* HOW TO COMPLETE THIS TASK
Pictures excluded, copy word for word the lines from the one holding "Петрушка Топіт, Enza Zaden" through the last line below.

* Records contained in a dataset
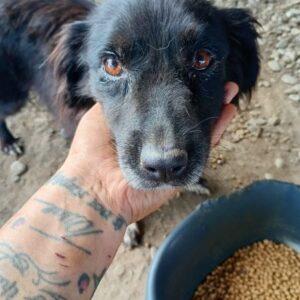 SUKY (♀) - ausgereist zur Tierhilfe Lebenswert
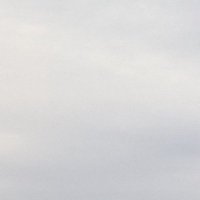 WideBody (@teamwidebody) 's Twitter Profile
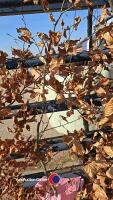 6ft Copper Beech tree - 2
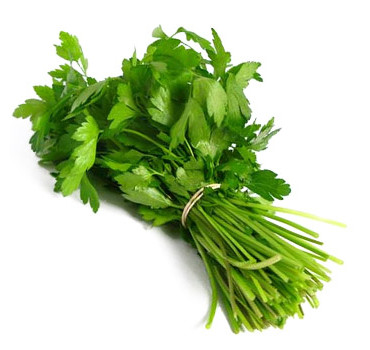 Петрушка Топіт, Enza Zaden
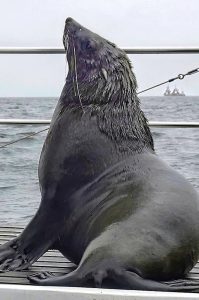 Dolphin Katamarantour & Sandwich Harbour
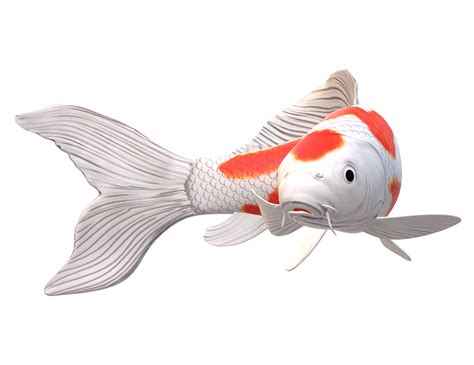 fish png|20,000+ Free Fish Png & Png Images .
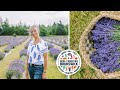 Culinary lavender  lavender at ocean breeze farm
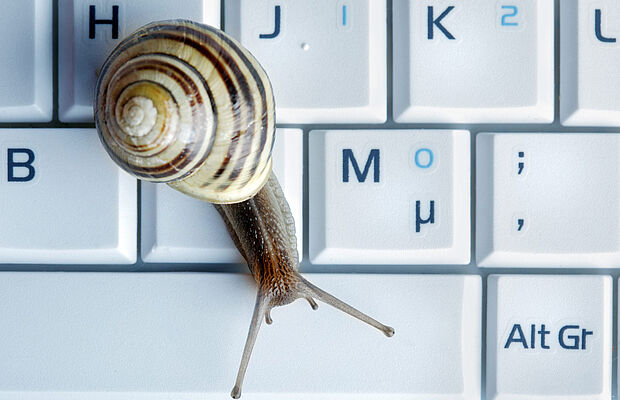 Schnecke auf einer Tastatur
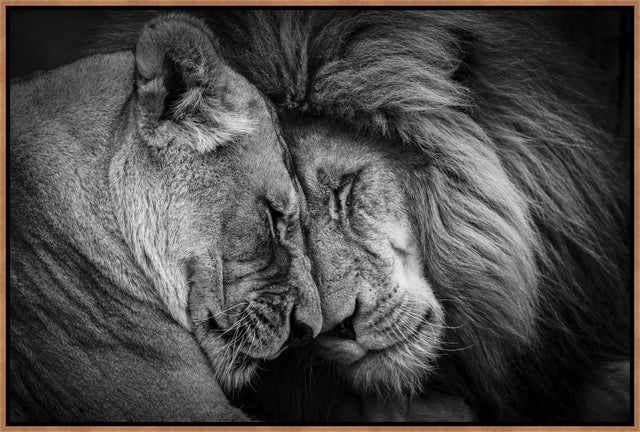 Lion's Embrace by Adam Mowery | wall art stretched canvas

* OUTPUT
 Петрушка Топіт, Enza Zaden
 Dolphin Katamarantour & Sandwich Harbour
 fish png|20,000+ Free Fish Png & Png Images .
 Culinary lavender  lavender at ocean breeze farm
 Schnecke auf einer Tastatur
 Lion's Embrace by Adam Mowery | wall art stretched canvas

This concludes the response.